Estes padrões foram frequentemente interpretados através de uma lente de género do desejo sexual, sendo os homens vistos como emergindo de uma forma mais espontânea e urgente, enquanto as mulheres eram vistas como mais receptivas e sensíveis ao contexto. Deste ponto de vista, fazia sentido que a masturbação fosse mais compensatória para os homens e mais complementar para as mulheres.

Mas isso é realmente verdade? Nem todos os estudos relataram resultados consistentes, e sabemos que as normas e comportamentos sexuais mudaram muito, razão pela qual um novo estudo procurou revisitar a narrativa padrão.

A masturbação é compensatória para todos?

Num estudo recente publicado no Jornal de Pesquisa Sexualos cientistas analisaram várias ondas de dados das Pesquisas Nacionais Britânicas de Atitudes Sexuais e Estilos de Vida (Natsal). Trata-se de inquéritos grandes e representativos a nível nacional, realizados periodicamente, que acompanham as mudanças nas atitudes e comportamentos sexuais ao longo do tempo.

Os pesquisadores procuraram observar as mudanças na prevalência da masturbação e como ela está associada a fatores demográficos, bem como como a frequência da masturbação estava ligada à atividade em parceria.
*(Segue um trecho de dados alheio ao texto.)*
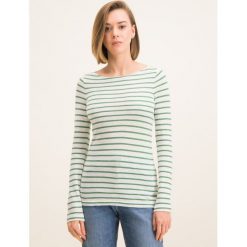 Bluzka Marc O'Polo M00 2196 52597. Zielone bluzki damskie Marc O'Polo, m, bez wzorów, z bawełny, polo, bez rękawów. W wyprzedaży za 159,00 zł.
Suas descobertas acrescentam um aspecto adicional à discussão.

Quando os investigadores analisaram a associação entre a frequência com que as pessoas se masturbavam e a quantidade de sexo que gostariam de ter, encontraram o mesmo padrão entre homens e mulheres: as pessoas que se masturbavam mais eram aquelas que não faziam tanto sexo como gostariam. Por outras palavras, independentemente do género, a masturbação parece servir uma função compensatória quando a vida sexual de alguém não corresponde às expectativas.

Leituras essenciais sobre masturbação

Descobriram também que a masturbação mais frequente estava associada a ter dificuldades sexuais (ou a ter um parceiro com mais dificuldades sexuais), bem como a sentimentos de angústia ou insatisfação com a vida sexual. Isto sugere que tanto homens como mulheres tendem a recorrer à masturbação para controlar o desejo quando as circunstâncias do seu relacionamento não permitem sexo frequente.

Claro, isso não quer dizer que as pessoas em relacionamentos apenas se masturbam quando não estão fazendo tanto sexo quanto gostariam, ou que a masturbação não tem um papel complementar para ninguém. Longe disso!

Então, o que mudou?

Parte da história pode ser devida à mudança nas normas sexuais em torno do prazer próprio feminino. Os investigadores descobriram que as mulheres hoje se masturbam mais do que no passado, o que pode reflectir um discurso mais social sobre o prazer das mulheres, para não mencionar um mercado em expansão de brinquedos sexuais concebido a pensar nas mulheres. À medida que o tabu em torno do prazer próprio das mulheres diminui, as mulheres podem não apenas estar se masturbando mais, mas potencialmente utilizando a masturbação de maneiras diferentes do que faziam antes.

Ao mesmo tempo, pesquisas realizadas em todo o mundo mostram que estamos numa “recessão sexual”. No geral, as pessoas estão simplesmente fazendo muito menos sexo do que antes, o que pode estar desencadeando um aumento no uso da masturbação como forma de compensação pelo sexo que não fazemos.

Conclusões e conclusões

Com tudo isso dito, é importante enfatizar que só porque alguém em um relacionamento está se masturbando, isso não significa necessariamente que o relacionamento não tenha sexo ou que essa pessoa esteja sexualmente insatisfeita. Novamente, a masturbação é praticada por vários motivos e desempenha diversas funções em nossas vidas.

Além disso, é importante notar que estamos falando de tendências gerais nos dados. O que acontece no nível individual pode ser muito diferente. Para muitas pessoas em relacionamentos, a masturbação pode não ter nada a ver com a quantidade de sexo que fazem (ou desejam fazer). Por exemplo, às vezes é mais uma questão de autocuidado do que qualquer outra coisa.

Nada disso quer dizer que a masturbação seja o inimigo ou que seja inerentemente ruim para as pessoas que estão em um relacionamento praticá-la. Não é.

No entanto, algumas coisas a tirar de tudo isto são: (1) a velha narrativa de que a masturbação é apenas compensatória para os homens parece já não se sustentar, e (2) numa época em que as pessoas têm muito menos sexo do que costumavam, estão a masturbar-se mais.